An article by The Daily Outdoor Retailer discussed the Solo Stove brand marketing campaign that went viral last year. The campaign was designed to raise brand awareness and expand reach that would benefit the brand over the long term. In the ad, rapper Snoop Dogg cryptically announced he was “giving up smoke,” only to later reveal it was an ad for Solo’s smokeless fire pits.
In the early days of the campaign, it was viewed as a success. Ad Age ranked the collaboration #18 on its list of the 40 best ads of 2023, they gained 60,000+ new followers on social media after the ad dropped and it raised brand awareness of Solo Stove to an expanded audience of consumers.
But, the metrics Solo Stove cared most about told a different story. Solo Stove claims it did not lead to a sales lift or a substantial increase in revenue. Additionally, their fourth quarter results came in below expectations and combined with their increased marketing investments, negatively impacted their EBITA. Ultimately, the company decided to change CEOs because the major marketing investments did not result in a substantial revenue increase.
Common mistakes made when planning a brand campaign
This is not the first time, and will likely not be the last time, a company made a sizable investment in a brand campaign that saw some immediate short term success but was viewed unfavorably by members of senior management. Although the campaign helped the brand expand to a new audience of consumers, the interim CFO claimed it did not lead to the sales lift or revenue increase it had hoped for.
One of the problems may be in the marketing metrics the team was using to indicate campaign success and business growth. In the case of a brand campaign, traditional ROI is not the marketing metric that teams should be using to indicate positive results. ROI usually refers to a historic, short-term ROI, one that takes spending on a program and divides it by total sales revenue generated, with success equal to an improvement over the previous, baseline ROI. Instead, marketers need to be looking at marginal ROI (mROI) which points to the future.

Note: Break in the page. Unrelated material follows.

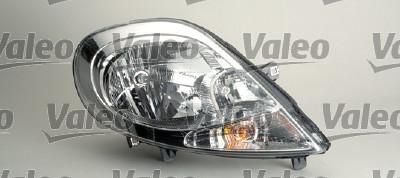Valeo 043396 основная фара на NISSAN PRIMASTAR фургон (X83)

Why mROI measures the effectiveness of a brand campaign
mROI is firmly future-focused. And the future, after all, is what you’re looking to impact, especially in the case of a brand awareness campaign. mROI calculates response curves for each week into the future to predict a marketing channel’s expected return. These response curves account for interactivity among marketing channels, as well as the impact of such external factors as competition and seasonal effects.
mROI solves for the optimal spend based on a given financial objective. That could include maximizing the impact of a fixed budget, increasing long-term profit- or as in case with the Solo Brands Snoop Dogg campaign, hitting a specific revenue target.
With Keen, our software measures both short- and long-term ROI. In the case of brand building tactics such as television, it’s vital to set expectations upfront and show with model-supported data that the long-term (2+ years) ROI payback is significantly higher than what will actualize in the short-term (less than six months).
Closing thoughts
In the case of the Solo Stove campaign, we do not have all the details surrounding the CEOs exit after the campaign, but if if his exit was tied to the campaign not producing the revenue lift the CFO was expecting, then the team needed to align on goals and measurement of success prior. If the team looked at mROI, that would have ensured they were not overinvesting in any one single channel. An optimized plan could have told them which channels and when they should invest to take advantage of the interaction effects across those channels as well as the continuity of the messaging.